Die Begründung des Gerichts überzeugt indes nicht. Es stützt sich maßgeblich auf den Schutzzweck der Formvorschrift. Laut Gesetzesbegründung dient § 28 Abs. 1 SeeArbG in der Tat dem Schutz vor übereilten Vertragsschluss (BT-Drs. 17/10959, S. 73). Das Besatzungsmitglied, das unbedacht seine Zustimmung zum Heuervertrag per Mail oder gar mündlich mitteilt, soll nicht an den Heuervertrag gebunden sein. Diese Wirkung erreicht das Gesetz über die Nichtigkeitsfolge des § 125 BGB. Nach Ansicht des ArbG Hamburg, das die Frage aus dem Blickwinkel des Kündigungsschutzes zu betrachten hatte, war das Besatzungsmitglied hingegen an den formwidrigen Heuervertrag gebunden. Die Auslegung des Gerichts führt also zum genauen Gegenteil dessen, was der Gesetzgeber laut Gesetzesbegründung bezweckte.

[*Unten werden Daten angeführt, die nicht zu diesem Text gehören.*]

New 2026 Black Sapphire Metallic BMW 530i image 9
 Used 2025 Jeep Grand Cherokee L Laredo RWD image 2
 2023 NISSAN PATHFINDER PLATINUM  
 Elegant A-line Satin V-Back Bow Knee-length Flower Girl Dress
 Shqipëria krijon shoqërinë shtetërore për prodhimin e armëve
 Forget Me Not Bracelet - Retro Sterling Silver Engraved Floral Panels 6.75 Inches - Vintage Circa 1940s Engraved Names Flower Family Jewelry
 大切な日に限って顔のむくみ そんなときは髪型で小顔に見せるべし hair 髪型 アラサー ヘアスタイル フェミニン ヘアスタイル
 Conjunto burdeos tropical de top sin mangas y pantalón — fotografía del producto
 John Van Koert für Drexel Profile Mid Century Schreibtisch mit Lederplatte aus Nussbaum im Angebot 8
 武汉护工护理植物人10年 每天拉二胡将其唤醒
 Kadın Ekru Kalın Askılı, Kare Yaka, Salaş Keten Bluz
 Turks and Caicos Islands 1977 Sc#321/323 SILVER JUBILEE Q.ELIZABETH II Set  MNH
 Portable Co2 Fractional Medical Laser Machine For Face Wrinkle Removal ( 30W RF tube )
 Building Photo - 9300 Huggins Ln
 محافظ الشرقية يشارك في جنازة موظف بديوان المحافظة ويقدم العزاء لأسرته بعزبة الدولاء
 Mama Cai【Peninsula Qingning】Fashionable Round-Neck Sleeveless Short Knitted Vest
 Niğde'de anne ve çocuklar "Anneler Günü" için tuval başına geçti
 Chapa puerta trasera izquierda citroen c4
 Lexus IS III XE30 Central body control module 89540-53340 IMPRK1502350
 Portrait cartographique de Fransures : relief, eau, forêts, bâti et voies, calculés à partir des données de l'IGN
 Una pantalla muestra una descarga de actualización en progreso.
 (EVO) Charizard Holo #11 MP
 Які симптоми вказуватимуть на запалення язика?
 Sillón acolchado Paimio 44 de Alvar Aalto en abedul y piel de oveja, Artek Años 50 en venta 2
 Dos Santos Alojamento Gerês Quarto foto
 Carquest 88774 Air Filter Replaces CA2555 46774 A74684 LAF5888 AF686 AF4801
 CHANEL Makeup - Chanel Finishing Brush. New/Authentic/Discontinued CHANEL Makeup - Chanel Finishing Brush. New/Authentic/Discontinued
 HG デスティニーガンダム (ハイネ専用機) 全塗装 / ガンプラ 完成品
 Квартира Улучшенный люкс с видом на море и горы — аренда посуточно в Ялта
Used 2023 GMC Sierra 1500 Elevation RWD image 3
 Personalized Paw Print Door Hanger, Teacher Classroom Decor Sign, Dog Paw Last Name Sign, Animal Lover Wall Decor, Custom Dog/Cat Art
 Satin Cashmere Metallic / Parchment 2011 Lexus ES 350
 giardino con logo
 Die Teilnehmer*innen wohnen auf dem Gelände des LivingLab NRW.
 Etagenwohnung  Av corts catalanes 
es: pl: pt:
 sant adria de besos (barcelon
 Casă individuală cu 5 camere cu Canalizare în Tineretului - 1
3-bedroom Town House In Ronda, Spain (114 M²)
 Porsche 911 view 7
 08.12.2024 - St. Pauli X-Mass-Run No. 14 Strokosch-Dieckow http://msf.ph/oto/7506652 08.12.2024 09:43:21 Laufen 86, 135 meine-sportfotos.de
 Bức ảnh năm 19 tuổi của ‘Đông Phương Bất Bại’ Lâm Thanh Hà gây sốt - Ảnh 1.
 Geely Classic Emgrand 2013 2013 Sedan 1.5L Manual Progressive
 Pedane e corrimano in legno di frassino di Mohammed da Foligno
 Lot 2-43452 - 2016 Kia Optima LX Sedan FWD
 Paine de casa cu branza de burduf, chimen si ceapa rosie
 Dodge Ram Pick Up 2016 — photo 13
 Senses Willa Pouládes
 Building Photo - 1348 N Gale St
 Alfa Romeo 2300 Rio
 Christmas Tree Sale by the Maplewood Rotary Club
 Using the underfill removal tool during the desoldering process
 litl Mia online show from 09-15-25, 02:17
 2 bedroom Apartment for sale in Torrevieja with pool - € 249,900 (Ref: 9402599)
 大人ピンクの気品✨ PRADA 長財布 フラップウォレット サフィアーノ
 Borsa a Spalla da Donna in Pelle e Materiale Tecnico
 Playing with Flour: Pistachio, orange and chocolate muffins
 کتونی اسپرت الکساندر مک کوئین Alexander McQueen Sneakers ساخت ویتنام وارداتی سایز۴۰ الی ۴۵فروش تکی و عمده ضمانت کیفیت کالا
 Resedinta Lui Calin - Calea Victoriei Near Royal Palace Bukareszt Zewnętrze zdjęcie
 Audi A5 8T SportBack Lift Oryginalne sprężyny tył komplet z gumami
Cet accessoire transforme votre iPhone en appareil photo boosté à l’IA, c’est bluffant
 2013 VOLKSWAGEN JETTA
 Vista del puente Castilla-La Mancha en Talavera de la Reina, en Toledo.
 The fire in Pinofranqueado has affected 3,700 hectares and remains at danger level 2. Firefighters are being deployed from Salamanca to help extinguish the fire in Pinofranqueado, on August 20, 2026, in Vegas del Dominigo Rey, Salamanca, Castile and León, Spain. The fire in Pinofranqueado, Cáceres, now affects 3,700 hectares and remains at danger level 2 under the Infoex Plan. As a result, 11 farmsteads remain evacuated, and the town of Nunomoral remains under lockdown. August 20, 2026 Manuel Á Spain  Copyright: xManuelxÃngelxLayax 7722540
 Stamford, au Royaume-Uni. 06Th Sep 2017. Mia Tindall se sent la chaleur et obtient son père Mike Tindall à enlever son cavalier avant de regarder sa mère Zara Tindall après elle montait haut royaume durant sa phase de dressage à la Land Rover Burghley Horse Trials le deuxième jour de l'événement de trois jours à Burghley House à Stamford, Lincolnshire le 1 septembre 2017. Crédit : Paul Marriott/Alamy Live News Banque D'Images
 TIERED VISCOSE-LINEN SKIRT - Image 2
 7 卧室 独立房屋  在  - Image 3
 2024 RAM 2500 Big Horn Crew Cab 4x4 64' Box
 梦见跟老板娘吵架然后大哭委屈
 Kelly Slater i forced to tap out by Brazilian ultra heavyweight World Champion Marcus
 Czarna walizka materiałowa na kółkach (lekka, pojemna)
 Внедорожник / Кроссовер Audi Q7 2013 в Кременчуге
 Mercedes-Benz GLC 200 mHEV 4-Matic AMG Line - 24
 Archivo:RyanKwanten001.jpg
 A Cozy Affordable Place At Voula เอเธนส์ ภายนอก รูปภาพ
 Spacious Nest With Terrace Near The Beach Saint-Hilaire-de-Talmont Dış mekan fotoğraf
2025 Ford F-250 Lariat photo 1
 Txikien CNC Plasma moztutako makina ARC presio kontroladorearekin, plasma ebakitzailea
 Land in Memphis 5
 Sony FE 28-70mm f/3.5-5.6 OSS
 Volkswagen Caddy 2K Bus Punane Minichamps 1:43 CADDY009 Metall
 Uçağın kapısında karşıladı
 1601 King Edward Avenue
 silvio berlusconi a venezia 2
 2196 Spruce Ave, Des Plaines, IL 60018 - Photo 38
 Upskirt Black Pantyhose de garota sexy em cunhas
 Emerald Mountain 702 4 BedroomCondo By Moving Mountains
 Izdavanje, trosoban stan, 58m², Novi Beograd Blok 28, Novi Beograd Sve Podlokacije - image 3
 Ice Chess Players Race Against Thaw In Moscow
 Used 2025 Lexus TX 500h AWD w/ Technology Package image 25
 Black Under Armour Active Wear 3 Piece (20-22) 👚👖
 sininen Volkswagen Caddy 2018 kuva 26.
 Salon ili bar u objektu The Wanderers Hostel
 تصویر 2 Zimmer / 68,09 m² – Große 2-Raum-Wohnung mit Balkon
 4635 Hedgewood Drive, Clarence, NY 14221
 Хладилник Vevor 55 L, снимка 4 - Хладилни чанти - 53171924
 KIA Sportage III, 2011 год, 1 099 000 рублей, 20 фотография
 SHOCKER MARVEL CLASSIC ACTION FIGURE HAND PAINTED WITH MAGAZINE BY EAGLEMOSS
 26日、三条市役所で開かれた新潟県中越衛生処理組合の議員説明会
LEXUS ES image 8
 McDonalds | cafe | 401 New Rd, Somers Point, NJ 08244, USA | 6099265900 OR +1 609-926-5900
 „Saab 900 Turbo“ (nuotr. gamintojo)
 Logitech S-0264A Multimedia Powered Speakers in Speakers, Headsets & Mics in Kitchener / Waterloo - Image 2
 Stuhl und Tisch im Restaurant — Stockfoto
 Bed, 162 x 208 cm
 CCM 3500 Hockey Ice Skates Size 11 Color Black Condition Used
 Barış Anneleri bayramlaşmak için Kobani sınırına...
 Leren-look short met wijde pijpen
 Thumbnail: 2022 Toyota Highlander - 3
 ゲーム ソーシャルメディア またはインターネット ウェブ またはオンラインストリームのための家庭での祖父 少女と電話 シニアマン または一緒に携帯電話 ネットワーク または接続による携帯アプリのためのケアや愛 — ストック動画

Es ist sehr zweifelhaft, ob eine hinreichend klare gesetzliche Anordnung des Gesetzgebers vorliegt, von der Formnichtigkeit des Heuervertrages gemäß § 125 BGB abzuweichen. Dass und weshalb das Prinzip der Gewaltenteilung den Gerichten bei der Auslegung von Gesetzesbestimmungen Grenzen zieht, verdeutlicht etwa die rechtspolitische Diskussion um die Reform der Formvorschrift für befristete Mietverträge (§ 550 BGB) nur allzu gut.

Dabei wäre die Formnichtigkeit des Heuervertrages mitnichten ein „Game Changer“. Seit Jahrzehnten kennt die Rechtsprechung das Instrument des faktischen oder fehlerhaften Arbeitsverhältnisses. Beide Vertragsparteien werden vor den Rechtsfolgen einer Formnichtigkeit geschützt. Das nicht bestehende Heuerverhältnis muss nicht rückabgewickelt werden, sondern wird für die Dauer der tatsächlichen Inanspruchnahme der Dienste des Besatzungsmitglieds gewissermaßen fingiert.

Das Besatzungsmitglied verliert auch nicht zwingend seinen Kündigungsschutz. So wird es in der Regel treuwidrig sein, wenn sich der Reeder auf die durch ihn verursachte mangelnde Schriftform in einem Gerichtsprozess beruft. Gleichwohl – und das mag das ArbG Hamburg abgeschreckt haben – wäre dies stets eine Frage des Einzelfalls.